Hi guys :) I have a question regarding multiple function calls within the same line.

#include<iostream>
using namespace std;

int check();
int a = 0;

int main()
{
cout << check() << " " << check() << " " << check();
return 0;
}

int check()
{
a++;
return a;
}

I thought the output would be:
1 2 3
but when I executed the program, it showed:
3 2 1

In my opinion, the first time check() gets called, the value of a should get increased by 1 and check() should return 1 and so 1 2 and 3 should come in that order. What's going wrong here? Is this something that's function specific?

The C++ standard does not specify the order of the function calls. It's up to the compiler to decide.

If you want guarantee the order you should split it into multiple statements.

Peter87, I tried iniitializing v1, v2 and v3 in the same line, like this:

int v1 = check(), v2 = check(), v3 = check();

the output screen showed:
1 2 3

I understand that you said that the compiler decides the order of function call in case of one function being called multiple times in the same line but then why is it different for a "cout" statement and an assignment statement? Is the order random? If so, then why is it the same for all the cout statements in which I've tried calling a function multiple times in different programs?

why is it different for a "cout" statement and an assignment statement?

because the functions are called in a definite order and the variables assigned accordingly.

@mutexe
I understand your point... but in the cout statement, the order of the function call is definite(in writing the code) as well and to that Peter replied that the actual order is decided by the compiler. So because the the three function calls are in the same assignment statement, shouldn't the order of writing be irrelevant?
Or is it that " int v1 = check(), v2 = check(), v3 = check(); " are actually 3 different statements?

It's not about lines. You can put the whole program on the same line if you wanted and it shouldn't make a difference.

It's when you have multiple function calls in the same expression like that. But you need to check the rules for all operators involved because some do have a guaranteed order. When using the && the right hand side is guaranteed to run after the left side (but if the left side evaluates to false the right side will not run at all).

In int v1 = check(), v2 = check(), v3 = check();, each call to check() is a full-expression.
A full-expression is an expression that is not a sub-expression of another expression.
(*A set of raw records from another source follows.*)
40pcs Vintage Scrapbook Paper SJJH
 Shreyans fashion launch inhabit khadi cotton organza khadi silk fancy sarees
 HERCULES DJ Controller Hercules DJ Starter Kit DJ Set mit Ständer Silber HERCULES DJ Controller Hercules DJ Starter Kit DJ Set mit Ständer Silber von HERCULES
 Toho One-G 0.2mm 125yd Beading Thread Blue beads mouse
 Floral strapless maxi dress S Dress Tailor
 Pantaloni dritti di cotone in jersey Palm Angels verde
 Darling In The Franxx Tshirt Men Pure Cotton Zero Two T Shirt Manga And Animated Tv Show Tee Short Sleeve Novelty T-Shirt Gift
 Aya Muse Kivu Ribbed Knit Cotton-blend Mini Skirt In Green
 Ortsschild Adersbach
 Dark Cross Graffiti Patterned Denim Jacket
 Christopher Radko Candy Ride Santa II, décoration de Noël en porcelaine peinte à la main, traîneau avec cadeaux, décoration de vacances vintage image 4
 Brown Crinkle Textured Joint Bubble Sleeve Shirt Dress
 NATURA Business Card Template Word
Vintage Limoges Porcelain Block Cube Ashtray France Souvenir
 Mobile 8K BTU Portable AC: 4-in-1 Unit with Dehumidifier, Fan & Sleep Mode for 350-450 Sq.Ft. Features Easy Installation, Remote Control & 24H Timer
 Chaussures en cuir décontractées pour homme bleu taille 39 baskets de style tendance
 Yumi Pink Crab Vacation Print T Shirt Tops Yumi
Every value computation and side effect associated with a full-expression is sequenced before every value computation and side effect associated with the next full-expression to be evaluated.

In std::cout << check() << " " << check() << " " << check();, each call to check() is a sub-expression.
These are function calls, and they are indeterminately-sequenced; they may be evaluated in any order.

In int i = 6 ; std::cout << ++i << " " << i ;, ++i and i are sub-expressions.
int is a scalar type, and these evaluations are unsequenced. This engenders undefined behaviour.

The details: http://en.cppreference.com/w/cpp/language/eval_order

I see. The reference link is definitely a big help... Just one thing though, on the details page it has been written that the order may get changed the next time the program gets executed.. but in my case, no matter how many times I've executed the program, the order has remained the same. Why may that be?

Just because something might happen, doesn't mean it will happen on your particular platform, compiler, implementation etc.

I see. Thank you guys, for all your help. Much appreciated :)

> the order may get changed the next time the program gets executed.

The standard allows it, but it does not insist that it must be changed.
On typical implementations, it wouldn't change till the program is re-compiled.

(Note: The IS does not prohibit just-in-time compilation of source code by an implementation.)